Named Fedor, for Final Experimental Demonstration Object Research with identification number Skybot F850, the robot is the first ever sent up by Russia.
Fedor blasted off in a Soyuz MS-14 spacecraft at 6:38 am Moscow time (0338 GMT) from Russia's Baikonur cosmodrome in Kazakhstan. The Soyuz is set to dock with the space station on Saturday and stay till September 7.
Soyuz ships are normally manned on such trips, but on Thursday no humans are travelling in order to test a new emergency rescue system.
Instead of cosmonauts, Fedor was strapped into a specially adapted pilot's seat, with a small Russian flag in his hand.
"Let's go. Let's go," the robot was heard as 'saying' during launch, apparently repeating the famous phrase by first man in space Yury Gagarin.
The silvery anthropomorphic robot stands 1.80Â metres (5 foot 11 inches) tall and weighs 160 kilograms (353 pounds).
Fedor has Instagram and Twitter accounts that describe it as learning new skills such as opening a bottle of water. In the station, it will trial those manual skills in very low gravity.

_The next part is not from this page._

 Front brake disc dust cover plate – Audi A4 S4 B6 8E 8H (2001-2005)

"That's connecting and disconnecting electric cables, using standard items from a screwdriver and a spanner to a fire extinguisher," the Russian space agency's director for prospective programmes and science, Alexander Bloshenko, said in televised comments ahead of the launch.
"The first stage of in-flight experiments went according to the flight plan," the robot's account tweeted after reaching orbit.
Fedor copies human movements, a key skill that allows it to remotely help astronauts or even people on Earth carry out tasks while they are strapped into an exoskeleton.
Such robots will eventually carry out dangerous operations such as space walks, Bloshenko told RIA Novosti state news agency.
On the website of one of the state backers of the project, the Foundation of Advanced Research Projects, Fedor is described as potentially useful on Earth for working in high radiation environments, de-mining and tricky rescue missions.
On board, the robot will perform tasks supervised by Russian cosmonaut Alexander Skvortsov, who joined the ISS last month, and will wear an exoskeleton in a series of experiments scheduled for later this month.
Space agency chief Dmitry Rogozin showed pictures of the robot to President Vladimir Putin this month, saying it will be "an assistant to the crew".
"In the future we plan that this machine will also help us conquer deep space," he added.
Fedor is not the first robot to go into space.
In 2011, NASA sent up Robonaut 2, a humanoid robot developed with General Motors and a similar aim of working in high-risk environments.
It was flown back to Earth in 2018 after experiencing technical problems.
In 2013, Japan sent up a small robot called Kirobo along with the ISS's first Japanese space commander. Developed with Toyota, it was able to hold conversations -- albeit only in Japanese.